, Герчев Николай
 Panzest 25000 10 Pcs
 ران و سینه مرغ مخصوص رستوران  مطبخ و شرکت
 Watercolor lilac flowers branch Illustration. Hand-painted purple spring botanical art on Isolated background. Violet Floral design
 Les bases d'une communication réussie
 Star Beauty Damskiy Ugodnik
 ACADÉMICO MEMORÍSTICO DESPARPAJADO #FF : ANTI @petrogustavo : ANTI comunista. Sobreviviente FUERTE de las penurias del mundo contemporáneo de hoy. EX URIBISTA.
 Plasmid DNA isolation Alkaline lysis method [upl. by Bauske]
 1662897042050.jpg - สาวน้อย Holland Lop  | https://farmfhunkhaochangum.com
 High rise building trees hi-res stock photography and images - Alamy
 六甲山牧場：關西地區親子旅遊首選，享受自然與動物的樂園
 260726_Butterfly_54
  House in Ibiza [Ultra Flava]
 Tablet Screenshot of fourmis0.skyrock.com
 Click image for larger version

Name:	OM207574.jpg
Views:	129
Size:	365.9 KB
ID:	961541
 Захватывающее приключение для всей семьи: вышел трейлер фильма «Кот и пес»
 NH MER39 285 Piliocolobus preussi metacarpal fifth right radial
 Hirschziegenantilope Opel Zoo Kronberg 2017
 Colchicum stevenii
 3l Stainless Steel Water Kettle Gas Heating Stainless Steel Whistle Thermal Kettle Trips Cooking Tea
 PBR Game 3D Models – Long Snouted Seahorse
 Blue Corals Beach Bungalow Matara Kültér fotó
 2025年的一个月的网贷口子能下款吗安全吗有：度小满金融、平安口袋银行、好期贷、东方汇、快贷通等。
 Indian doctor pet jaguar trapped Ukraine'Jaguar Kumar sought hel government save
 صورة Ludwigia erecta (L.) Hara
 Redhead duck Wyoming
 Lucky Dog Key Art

^^^^

Reproduce the material above exactly, beginning at its first line and ending with the line that holds "Star Beauty Damskiy Ugodnik". Include nothing else.

Solved exercise:
, Герчев Николай
 Panzest 25000 10 Pcs
 ران و سینه مرغ مخصوص رستوران  مطبخ و شرکت
 Watercolor lilac flowers branch Illustration. Hand-painted purple spring botanical art on Isolated background. Violet Floral design
 Les bases d'une communication réussie
 Star Beauty Damskiy Ugodnik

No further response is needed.